Reproduce the data below exactly as written. Pictures do not belong in the copy.

INFORMATION PROVIDED >>
•••

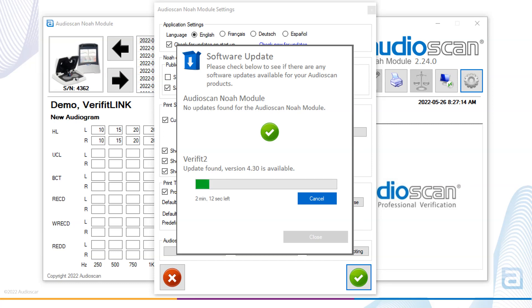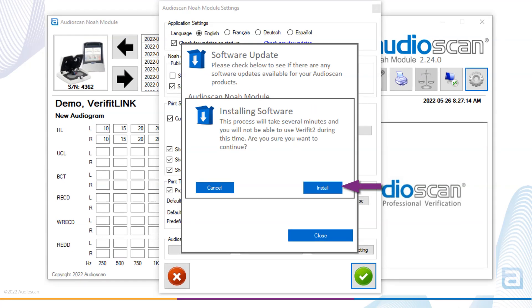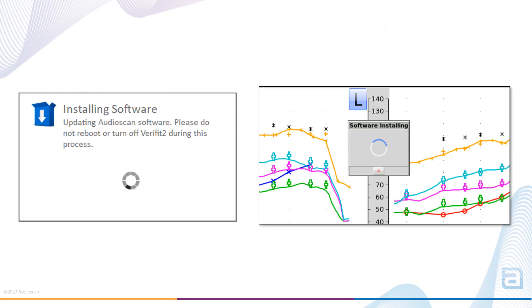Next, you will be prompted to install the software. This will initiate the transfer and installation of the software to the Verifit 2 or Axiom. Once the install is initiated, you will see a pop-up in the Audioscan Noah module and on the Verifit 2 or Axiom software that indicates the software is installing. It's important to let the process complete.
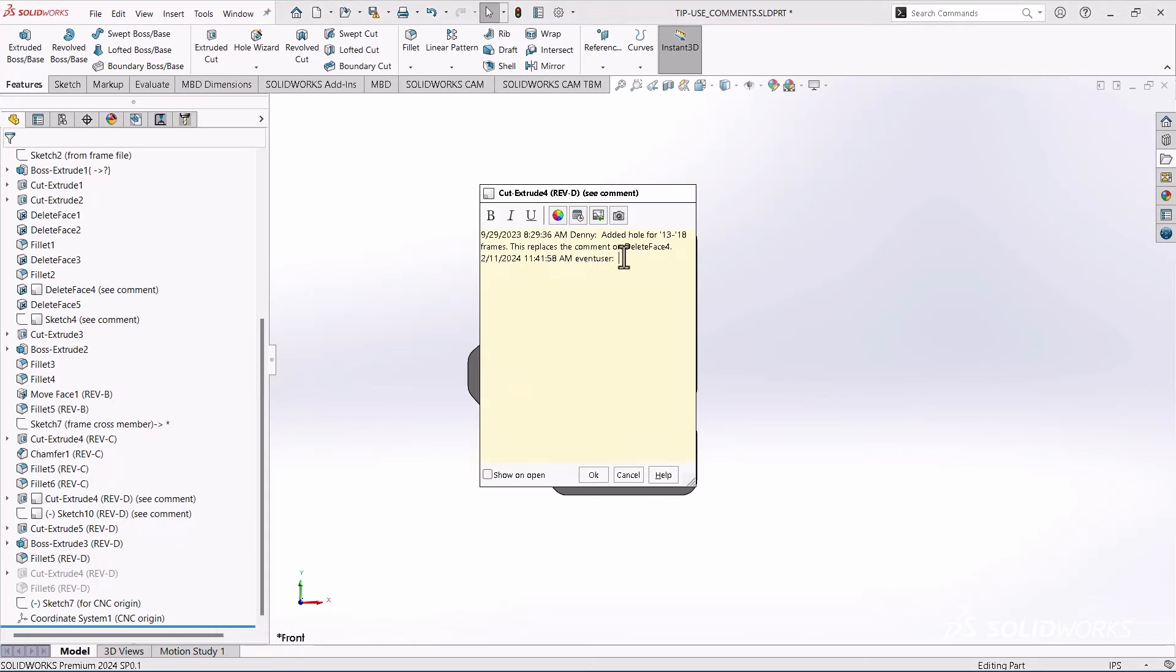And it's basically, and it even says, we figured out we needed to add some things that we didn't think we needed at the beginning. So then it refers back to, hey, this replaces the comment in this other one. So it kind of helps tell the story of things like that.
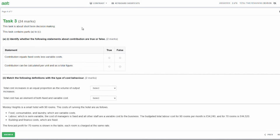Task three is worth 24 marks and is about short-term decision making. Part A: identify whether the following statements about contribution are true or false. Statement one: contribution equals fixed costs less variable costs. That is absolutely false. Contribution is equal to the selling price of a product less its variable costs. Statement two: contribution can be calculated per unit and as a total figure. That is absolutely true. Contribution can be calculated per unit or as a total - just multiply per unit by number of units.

•••

ANSWER TO THE PROBLEM >>
Next, you will be prompted to install the software. This will initiate the transfer and installation of the software to the Verifit 2 or Axiom. Once the install is initiated, you will see a pop-up in the Audioscan Noah module and on the Verifit 2 or Axiom software that indicates the software is installing. It's important to let the process complete.
And it's basically, and it even says, we figured out we needed to add some things that we didn't think we needed at the beginning. So then it refers back to, hey, this replaces the comment in this other one. So it kind of helps tell the story of things like that.
Task three is worth 24 marks and is about short-term decision making. Part A: identify whether the following statements about contribution are true or false. Statement one: contribution equals fixed costs less variable costs. That is absolutely false. Contribution is equal to the selling price of a product less its variable costs. Statement two: contribution can be calculated per unit and as a total figure. That is absolutely true. Contribution can be calculated per unit or as a total - just multiply per unit by number of units.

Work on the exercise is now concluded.